Without any pictures, retype exactly the lines from the one with "Johnny Urban T-Shirt" through the final line of the records.

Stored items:
○ ○ ○ ○ ○ ○ ○

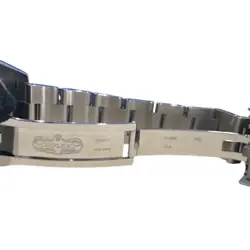 USED ROLEX 124300
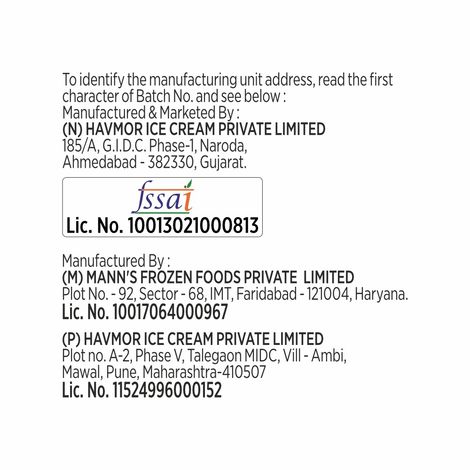 Lotte Krunch Chocolate Berry Ice Cream Candy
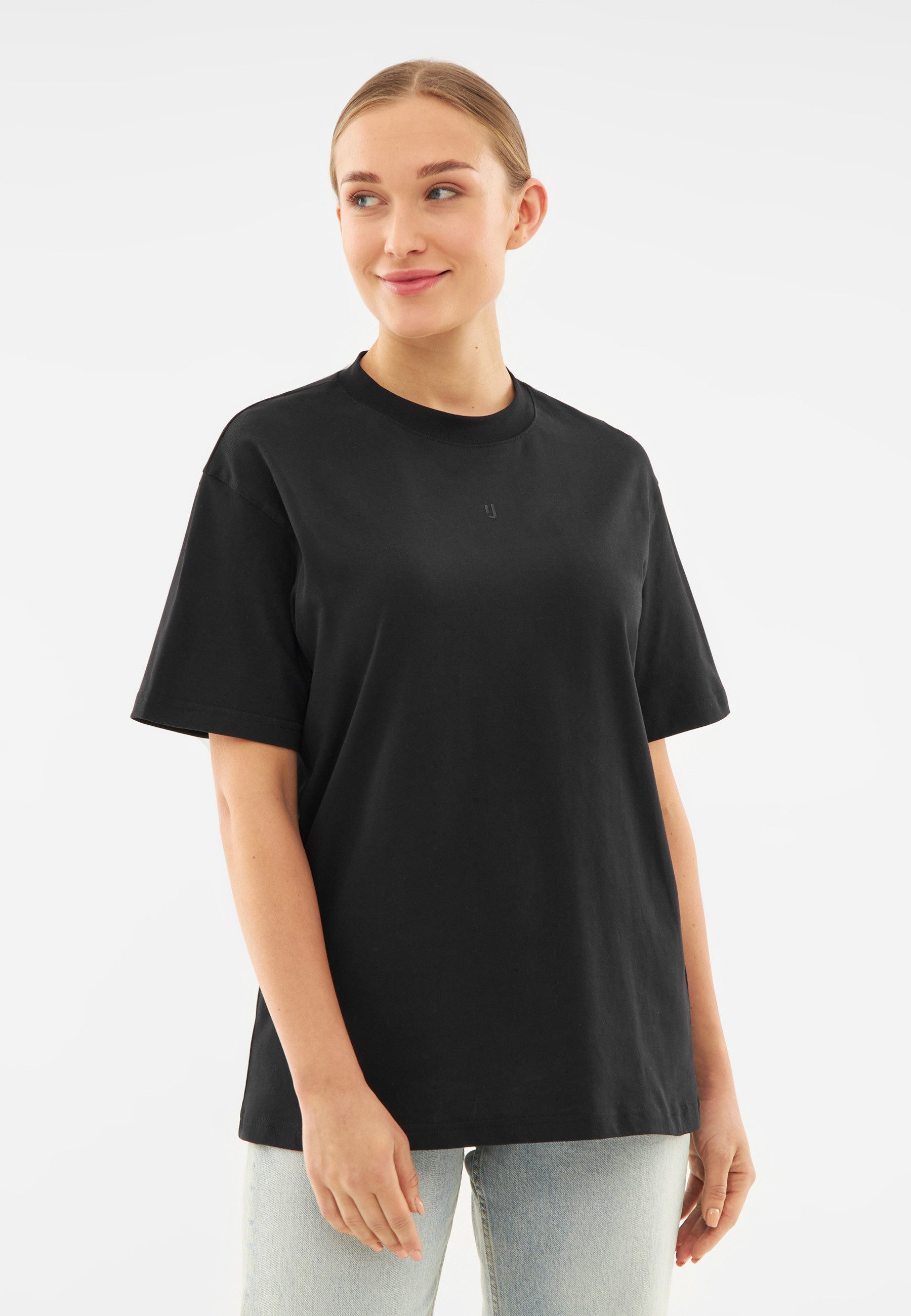 Johnny Urban T-Shirt Sammy Butterfly Oversize günstig online kaufen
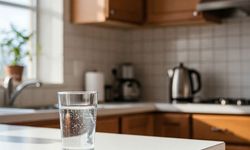 Kışın Susuz Kalmayın: Uzmanlardan Günlük Su Tüketimi Uyarısı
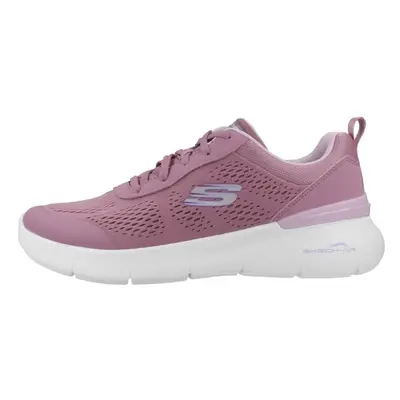 Skechers SKECH-AIR DYNAMIGHT Růžová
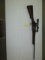 AAO RA-P 30 cal bolt action w/scope mauser action ser. NA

○ ○ ○ ○ ○ ○ ○

Your solution »
 Johnny Urban T-Shirt Sammy Butterfly Oversize günstig online kaufen
 Kışın Susuz Kalmayın: Uzmanlardan Günlük Su Tüketimi Uyarısı
 Skechers SKECH-AIR DYNAMIGHT Růžová
 AAO RA-P 30 cal bolt action w/scope mauser action ser. NA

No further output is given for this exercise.